Keadaan Spanyol sebelum invasi Islam masuk, Cordoba berada pada kekuasaan kaum Visgoth. Kaum ini tidak menguasi Spanyol secara penuh karena agama yang dianut adalah aliran Kristen Arian[3] berbeda dengan masyarakat Spanyol yaitu Katolik Roma. Selain berada di bawah kekuasaan Visgoth, kekuasaan Cordoba juga berada pada kaum Aristokrat yang berdasarkan kaum elit penguasa pada waktu itu, sehingga mereka sulit memilih para prajurit. Ada jurang yang besar antara penguasa dan masyarakat. Jurang besar itu mengakibatkan banyak rakyat menderita dan hidup tidak bebas. Mereka hanya bekerja sebagai budak dan petani. Ada keputusan-keputusan sinode gereja tahun 693 yang menyatakan bahwa ada sentimen terhadap orang Yahudi, kemudian pada tahun 694 diambil keputusan bahwa apabila ada seseorang yang belum babtis katolik akan dijadikan budak.
Zaman berubah pada saat invasi Islam masuk Spanyol. Invasi Islam tersebut menuju Spanyol dan Prancis. Invasi tersebut dimulai pada tahun 630 dengan penaklukan kota Makkah oleh Nabi Muhammad. Pada tahun 717 banyak permasalahan yang terjadi dalam masyarakat Cordoba karena terjadi perang Tours/Potiers pada bulan Oktober 732, banyak orang Islam diusir dari Spanyol dan Prancis. Permasalahan itu memberikan segi positif bagi kebudayaan Arab, karena pada saat itu kebudayaan tersebut telah berkembang dan dapat dipelajari oleh orang Kristen dan Yahudi, sehingga mereka dapat berbahasa Arab dan Spanyol. Hubungan antar agama (Islam, Kristen dan Yahudi) dalam masyarakat Cordoba, ditulis oleh Irving yang menyatakan sebuah hubungan antar agama di Cordoba yang saling menghargai.[4]
...Bangsa Arab menunjukan toleransi yang sangat mendasar dari golongan ahli kitab, setelah penaklukan golongan orang Kristen…menikmati kebebasan sipil dengan gereja, hukum, pengadilan, hakim, uskup dan kebangsaan mereka sendiri. Penguasa Islam hanya menuntut hak untuk menyetujui pengangkatan uskup dan memanggil Dewan gereja.
Golongan Kristen di selatan yang meletakan senjata dibiarkan memiliki tanah-tanahnya, tetapi harus membayar jizjah atau pajak untuk mendapatkan hak memberi suara. Di utara mereka tetap memiliki perkebunan buah-buahan dan dapat ditanami tanaman jenis lain, kemudian mereka diwajibkan membayar kharaj…
Golongan Yahudilah yang benar-benar tertolong oleh penyerbuan Arab ini. Mereka menjadi orang merdeka dan secara aktif membantu bangsa Arab dalam memerintah Spanyol…
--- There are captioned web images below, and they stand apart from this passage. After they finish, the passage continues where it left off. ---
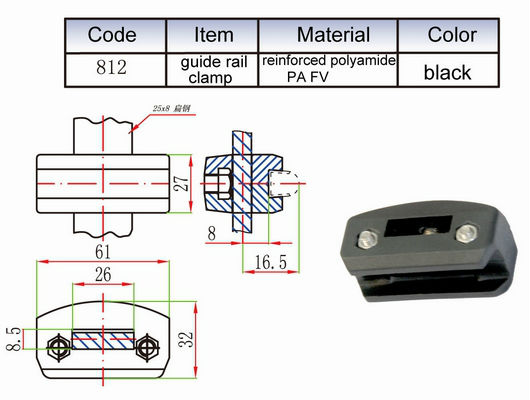 Adjustable Guide Rail Clamps for square Tube and Rod (812)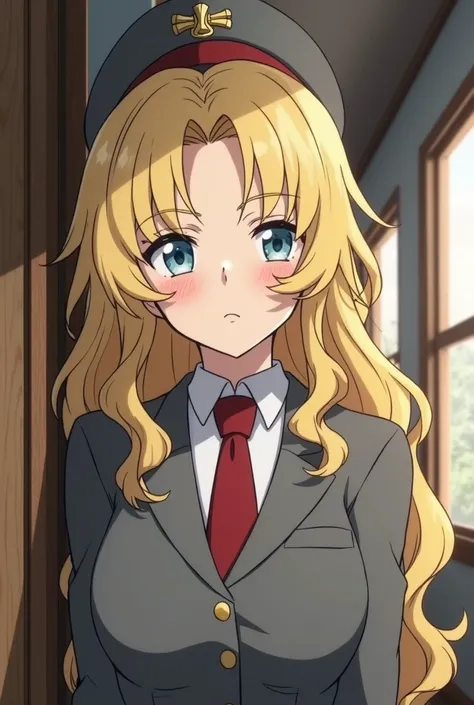 Screencap boku no hero academia plain anime, mature, charmingly beautiful woman who seems etheareal, with long, wavy messy blonde hair with curls at the ends. Her bangs are also messy, she has one long string of hair that goes all the way through her face ...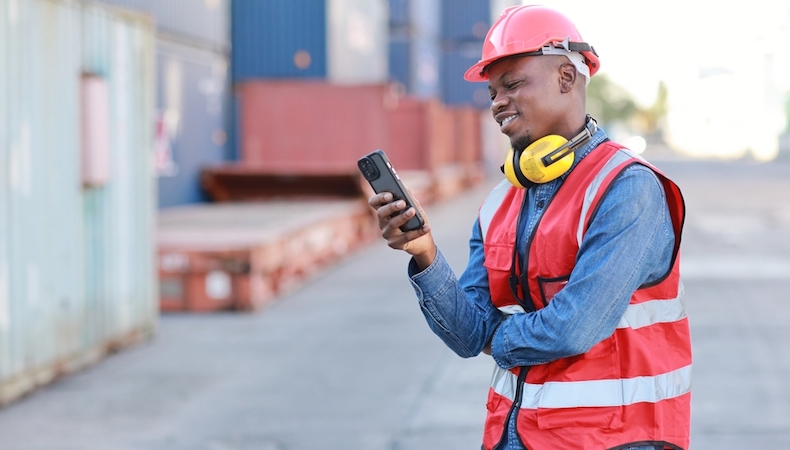 a person looking at a mobile device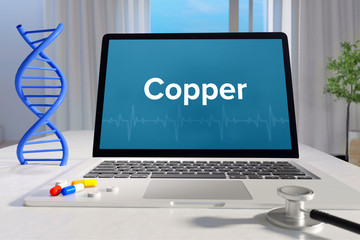 Copper – Medicine/health. Computer in the office with term on the screen. Science/healthcare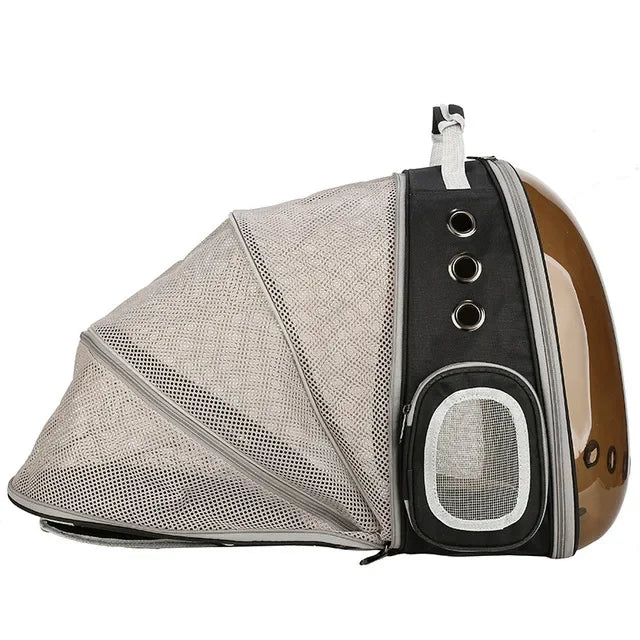 Cat Carrier Bag Breathable Pet Backpack Expansion Bag Outside Portable Transparent Space Capsule Carrier Bag For Small Dog Cats Oasis Select Coffee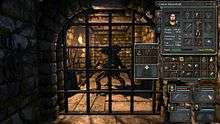 Screenshot of Legend of Grimrock. In the center of image, a monster stands behind the metal bars of a dungeon. On the right, the inventory of a party member.
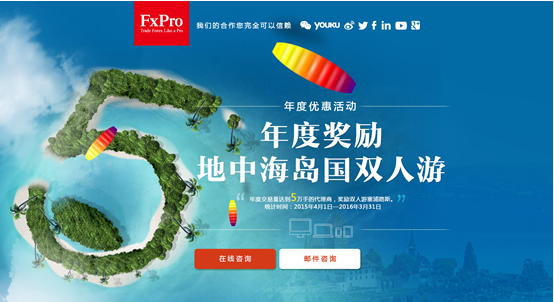 浦汇FxPro派发惊喜福利，与代理一起游地中海岛国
Abdurahman I yang disebut sebagai Abdurahman bin Muawiyah bin Hisyam bin Abdul Malik (728-788) adalah pendiri Emirat Ummyyah di Spanyol. Bagaimana seorang pemimpin mampu mempertahankan kesatuan dan menjadi lebih maju? Pada tanggal 15 Mei 756, kebetulan hari jumat, Abdurahman menaklukan Cordoba dan mengatakan bahwa dia memplokamirkan dirinya sebagai penguasa dan dengan sungguh-sungguh berjanji akan menegakan keadilan bagi semua kelas.[5] Keadaan pada saat itu juga berubah drastis, ia membagi tiap daerah dan dipimpin oleh gubernur, ia membangun dinding tembok yang terkenal dengan ibu kota Cordoba, ia membangun masjid Agung al-Hamra di Cordoba, membangun pusat pendidikan, ia juga memperhatikan kesejahteraan masyarakat dengan membuat saluran-saluran air untuk irigrasi. Oleh karena itu, banyak aspek yang berkembang dan maju, seperti hubugan agama-agama yang melahirkan masyarakat sipil (madani), ekonomi, politik, pendidikan, perdagangan dan masalah tentang moral yang berkaitan dengan persahabatan dan persaudaraan di antara masyarakat.
Sesudah berakhirnya pemerintahan Abdurahman I, banyak persaingan yang menyebabkan disintegrasi bangsa pada saat itu. Banyak pemberontak dari suku-suku Arab dan Berber yang menggoncang kesatuan pemerintahan Cordoba. Pada saat itu pemerintahan diganti oleh Abdurahman III. Dia membuat keputusan tegas di tengah gejolak disintegrasi yang terjadi dengan membuat sebuah keputusan mengenai posisi dan perannya dengan sebutan Khalifah (pembela agama Allah). Peran tersebut membuat adanya benteng yang kuat terhadap pemerintahan yang dipegang oleh Abdurahman III. Melalui posisi perannya yang teratas di Ummayah Spanyol, ia mampu menyelamatkan Andalusia dari serbuan suku-suku atau agama lain. Ia juga memperbaiki sistem ekonomi yang kacau balau menjadi lebih tertata dan baik, dia memperkuat benteng pertahanan dari ancaman luar sehingga keamanan masyarakat menjadi kondusif. Pemerintahan yang khas pada masanya adalah tidak adanya perbedaan dalam pembagian peran kekuasaan pemerintahan baik orang Islam, Kristen maupun Yahudi. Semua bisa dan boleh menjadi pemimpin ataupun gubernur di setiap wilayah atau daerah. Sistem pertahanan yang kuat berasal dari kesatuan antara suku Berber, Slav, dan orang Spanyol yang dulunya adalah budak yang diperalat oleh kekuasaan sebelumnya.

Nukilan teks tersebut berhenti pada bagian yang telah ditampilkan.